Exercise materials
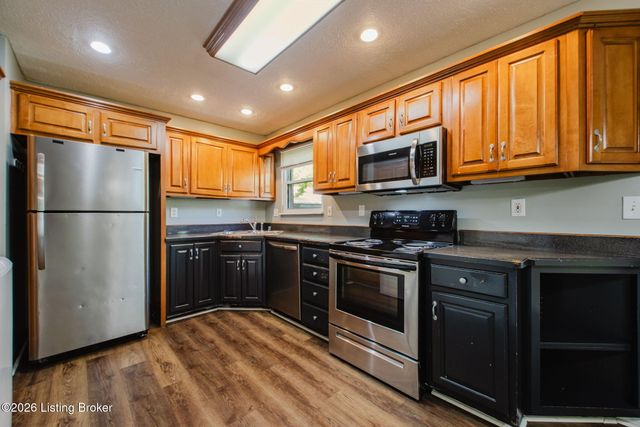 8805 Maplecreek Dr, Louisville, KY 40219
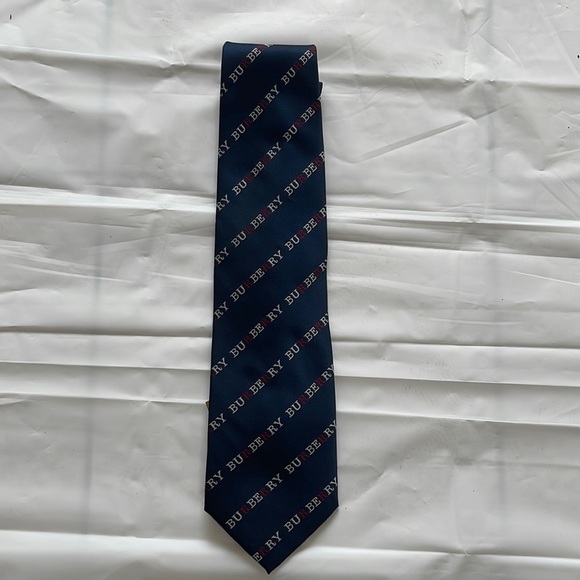 Vintage Burberry silk tie - Picture 1 of 6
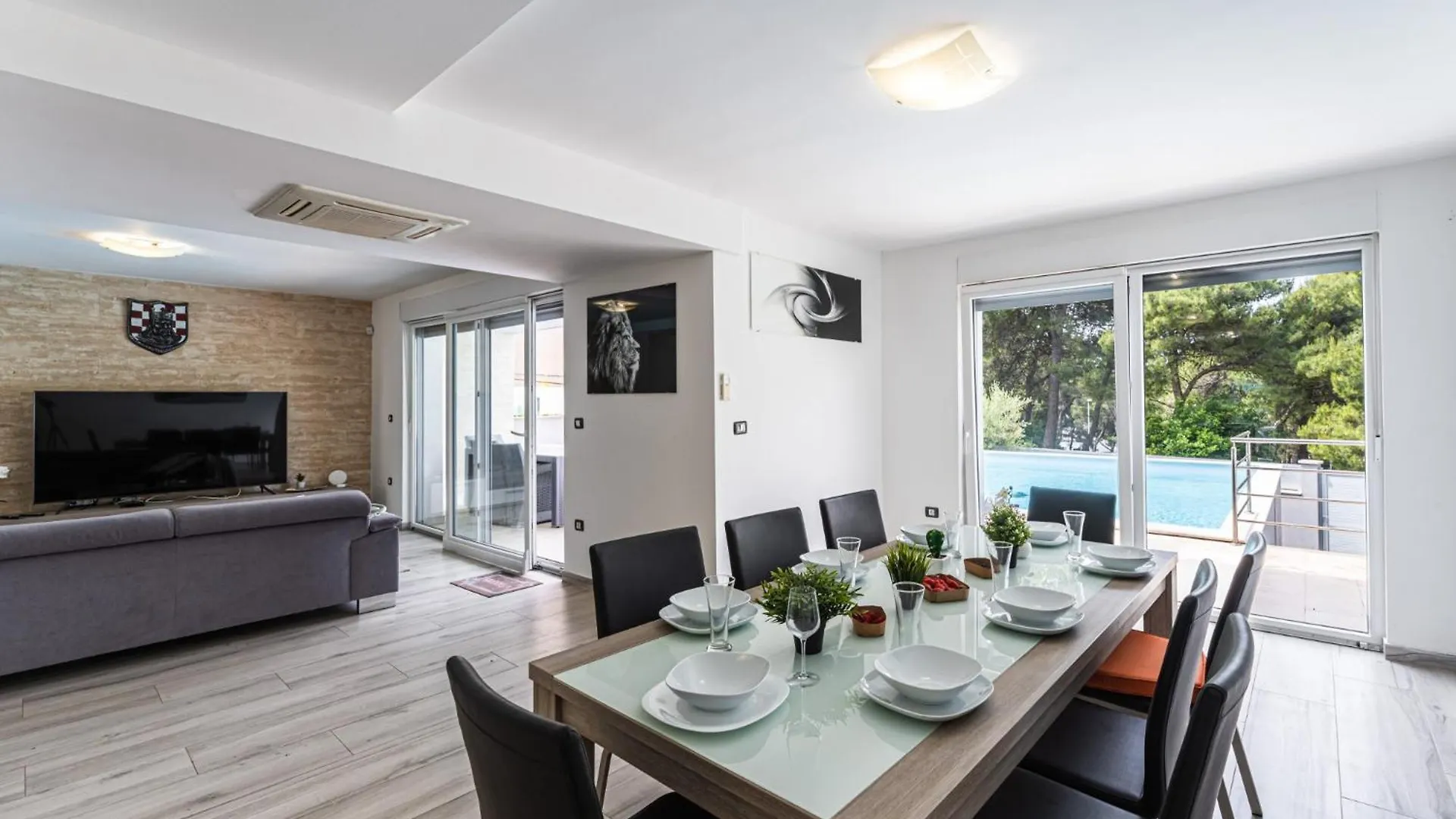 Villa Claudia In Pula - Haus Fuer 8 Personen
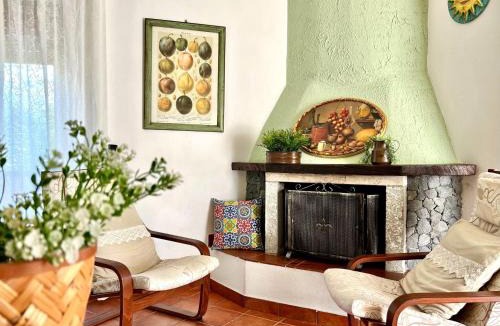 Mitogio House | Holiday Home in Sicily near Mount Etna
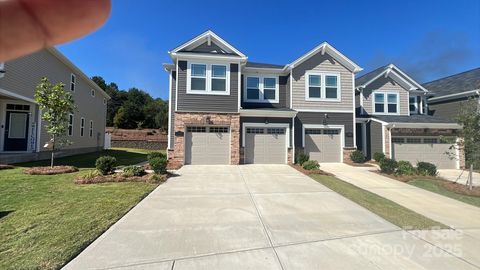 Photo of 11226 Bartrams Way, Charlotte, NC 28278 (MLS # 4311670)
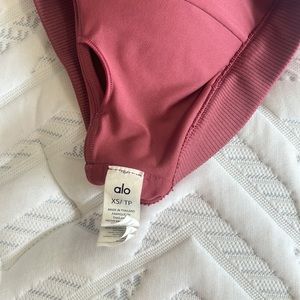 Alo Yoga full length airbrush leggings and bra in Mars Clay color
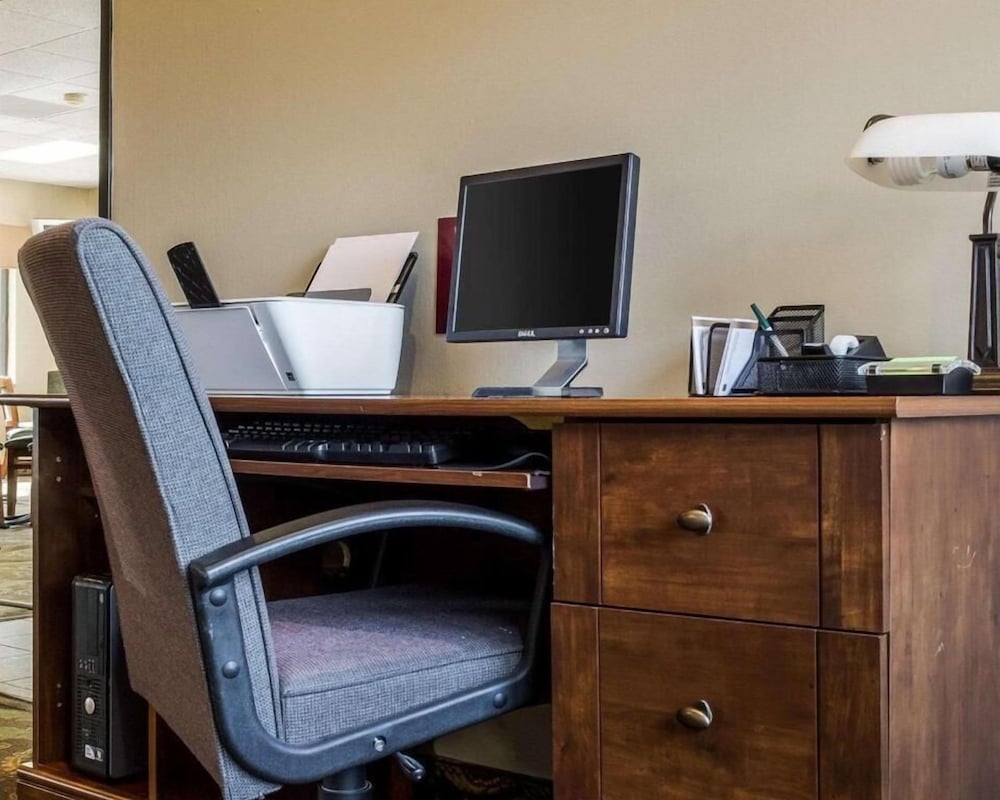 Фото Quality Suites Near West Acres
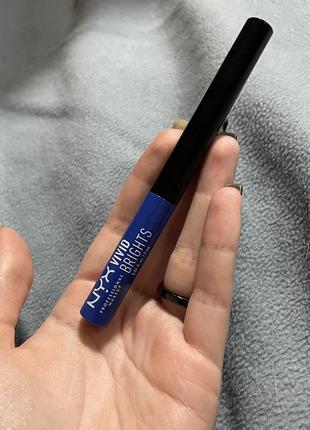 Яркая синяя подводка для глаз nyx professional makeup vivid brights liner sapphire4 фото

Exercise
Please reproduce verbatim the lines from the line with "Alo Yoga full" through the final line of the listing, inclusive of both ends. Omit all pictures.

Solution to the problem
 Alo Yoga full length airbrush leggings and bra in Mars Clay color
 Фото Quality Suites Near West Acres
 Яркая синяя подводка для глаз nyx professional makeup vivid brights liner sapphire4 фото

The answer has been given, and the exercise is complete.